Note: The supplementary or replacement disclosure statement must comply with s146B of the Act and must be lodged with the Registrar.

Restrictions on Advertising and Publicity

A trading co-operative, or any other person, is precluded from advertising, or publishing a statement that directly or indirectly refers to an offer of the co-operative's shares to prospective members without having a current disclosure statement under s146A. The same applies to the advertisement of an offer or intended offer for shares in the co-operative, and to the publication of a statement, which is reasonably likely to induce people to apply for shares in a co-operative (albeit as part of an application for membership) are also precluded.

Note: A trading co-operative in breach of these requirements will be liable to a penalty of $2,750 or imprisonment for 6 months or both.

A trading co-operative will not breach the advertising or publicity provisions if, before a disclosure statement is lodged with the Registrar, an advertisement or publication is made containing nothing more than:

  • a statement that identifies the offeror and the shares;
  • a statement that a disclosure document for the offer will be made available when the shares are offered; or
  • a statement that anyone who wants to acquire shares will need to complete the application form that will be in, or will accompany, a current disclosure statement; or
  • a statement of how to arrange to receive a copy of the current disclosure statement.

General Exemption to the Advertising and Publication Provisions

An advertisement or publication does not contravene the Act if it:

  1. consists solely of a notice or report of a general meeting of the co-operative; or
  2. consists solely of a report about the co-operative that is published by the co-operative and:
    1. does not contain information that materially affects affairs of the co-operative other than information previously made available in a disclosure statement that has been lodged, an annual report or a report referred to in paragraph (a) or (b); and
    2. does not refer (whether directly or indirectly) to the offer; or

Similarly, an external advertisement or publication does not contravene the Act if it:

  1. is a news report or is genuine comment, in a newspaper or periodical or on radio or television relating to:
    1. a disclosure statement that has been lodged or information contained in such a disclosure statement; or
    2. a notice or report published by the co-operative; or
  2. is a report about the shares of the co-operative or proposed co-operative published by someone who is not:
    1. the co-operative; or
    2. acting at the instigation of, or by arrangement with, the co-operative; or
    3. a director of the co-operative; or
    4. a person who has an interest in the success of the issue or sale of the shares.

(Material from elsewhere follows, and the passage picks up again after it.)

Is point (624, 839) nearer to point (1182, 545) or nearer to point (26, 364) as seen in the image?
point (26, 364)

There is no exemption for an external advertisement or publication where a person gives consideration or other benefit for publishing the report.

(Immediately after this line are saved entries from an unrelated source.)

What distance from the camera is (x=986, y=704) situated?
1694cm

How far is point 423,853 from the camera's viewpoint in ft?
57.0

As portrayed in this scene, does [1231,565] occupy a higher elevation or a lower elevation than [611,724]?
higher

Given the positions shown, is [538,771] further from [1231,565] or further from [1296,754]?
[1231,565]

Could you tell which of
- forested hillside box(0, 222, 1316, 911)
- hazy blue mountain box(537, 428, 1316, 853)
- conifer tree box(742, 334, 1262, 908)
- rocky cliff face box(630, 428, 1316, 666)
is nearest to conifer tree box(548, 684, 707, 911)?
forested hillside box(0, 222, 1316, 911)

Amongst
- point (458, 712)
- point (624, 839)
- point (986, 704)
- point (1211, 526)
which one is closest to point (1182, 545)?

There is also an exemption for any person who publishes an advertisement or statement in contravention of the disclosure statement provisions where the advertisement or statement is made in the ordinary course of publishing a newspaper or magazine, or in broadcasting by radio or television. To claim the exemption it must be shown that the person had no reason to suspect that its publication would amount to contravention of the disclosure statement requirements.

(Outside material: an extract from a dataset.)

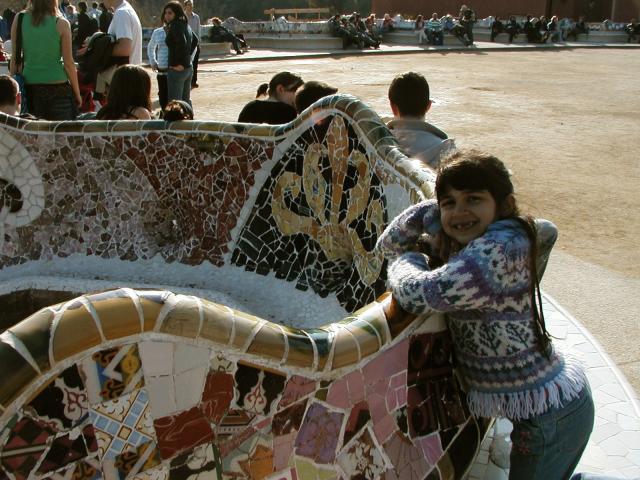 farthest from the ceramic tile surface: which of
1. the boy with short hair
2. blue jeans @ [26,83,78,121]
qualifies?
blue jeans @ [26,83,78,121]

Boards of Trading Co-operatives Must Review Disclosure Statements

Given the application of the misleading and deceptive statement provisions, the board of a trading co-operative must undertake a regular review of the contents of its disclosure statement to ensure that there is nothing contained in the document which is misleading or deceptive. Also it must ensure that there has been no change which will affect the currency of the disclosure statement under s.146A.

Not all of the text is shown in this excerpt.